● PROBLEM TO SOLVE
Restate the following records word for word without images.

---

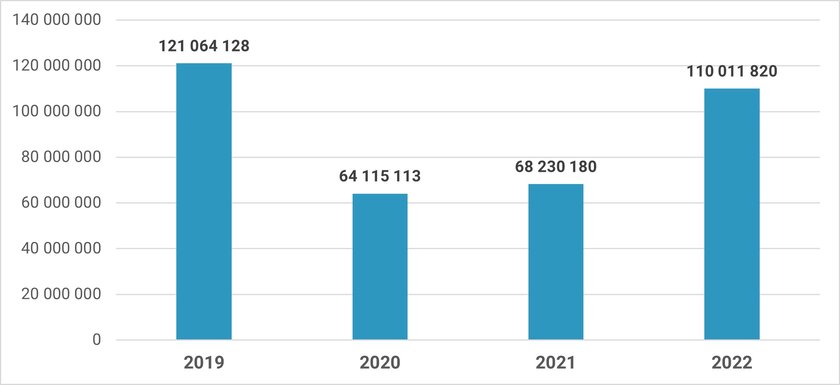 Søylediagram som viser utviklingen av salget fra 2019 til 2022. Salget i 2022 er nesten på nivå med normalåret 2019 - Klikk for stort bilde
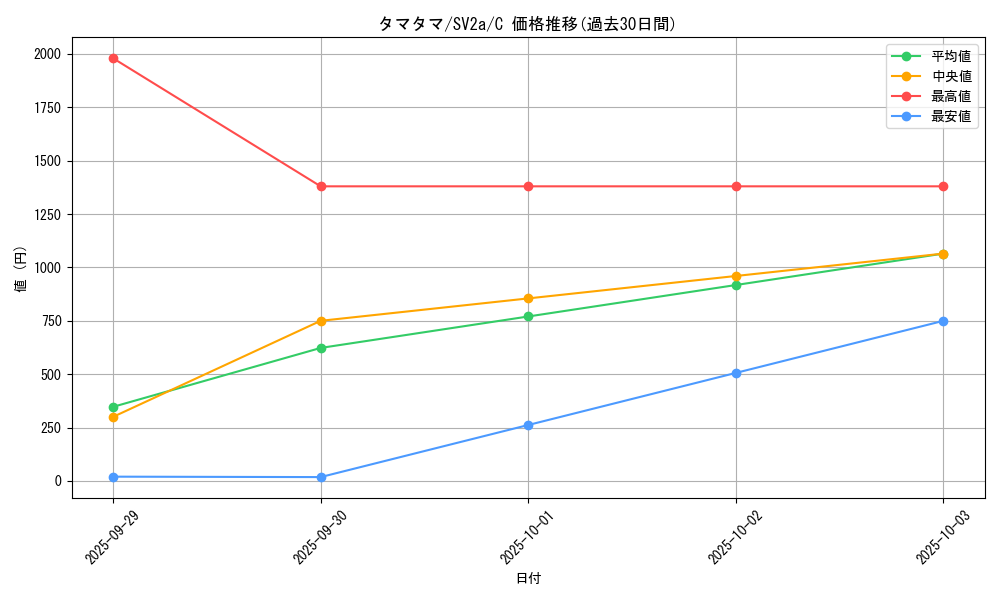 card_23891_series_61384_rarity_65214_graph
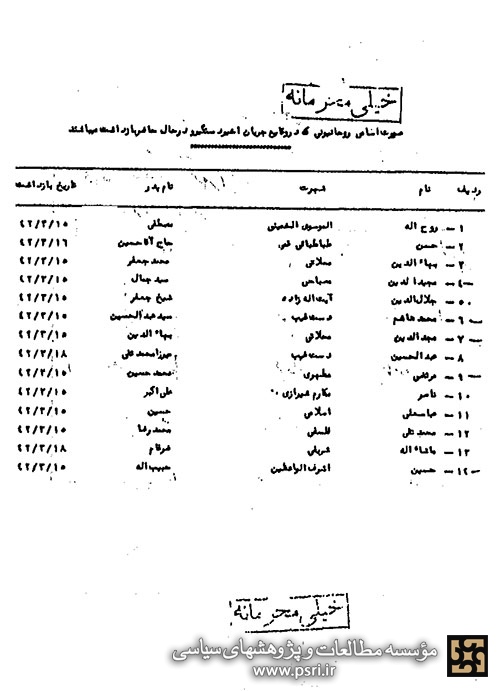 فهرست بازداشت شدگان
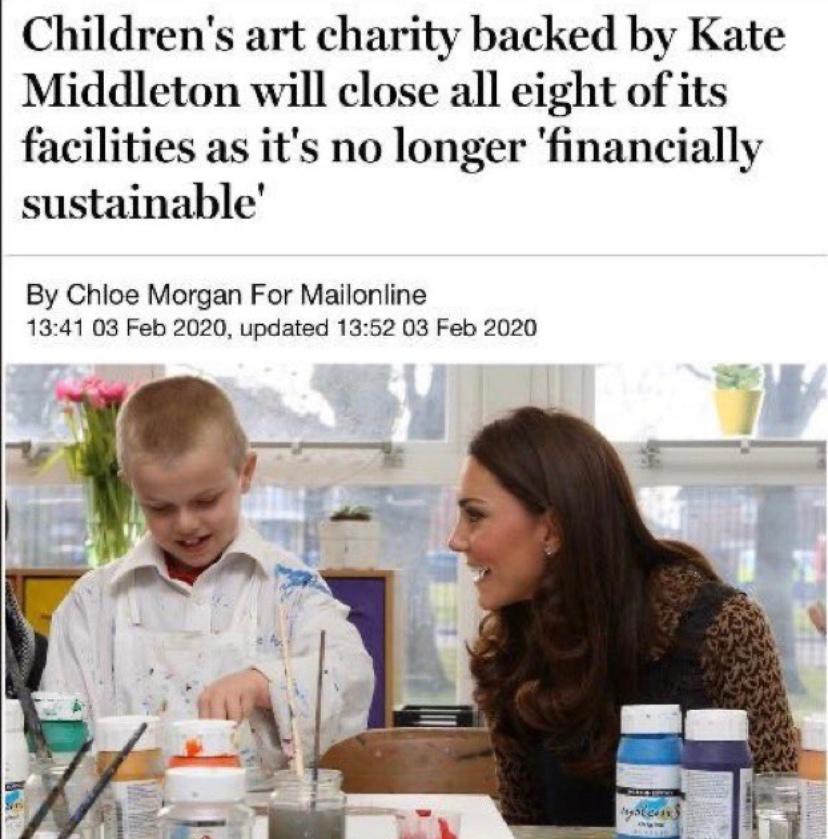 Charity backed by Kate closed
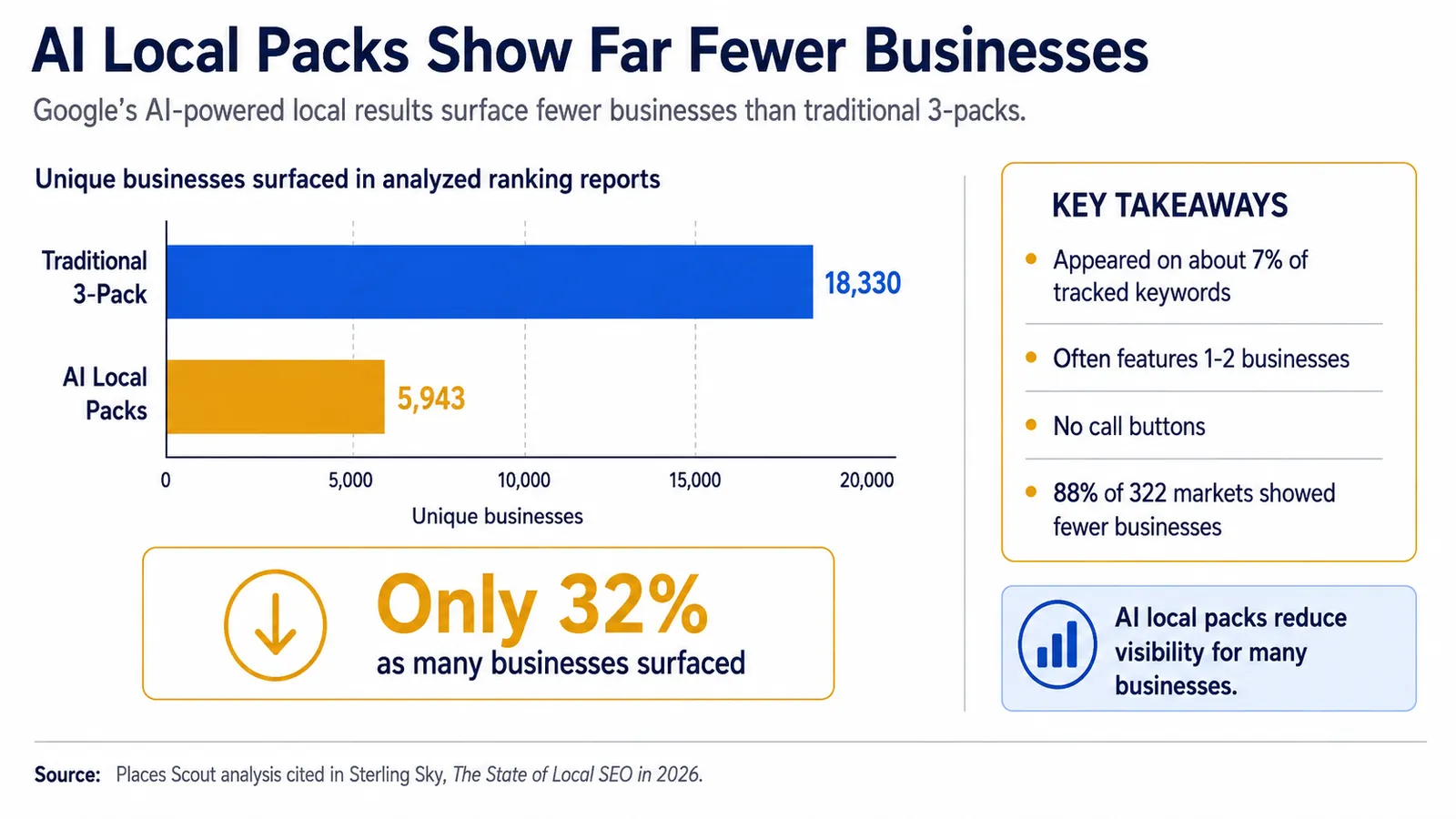 Bar chart comparing 18,330 unique businesses in traditional 3-packs to 5,943 in AI local packs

---

● REPLY
 Søylediagram som viser utviklingen av salget fra 2019 til 2022. Salget i 2022 er nesten på nivå med normalåret 2019 - Klikk for stort bilde
 card_23891_series_61384_rarity_65214_graph
 فهرست بازداشت شدگان
 Charity backed by Kate closed
 Bar chart comparing 18,330 unique businesses in traditional 3-packs to 5,943 in AI local packs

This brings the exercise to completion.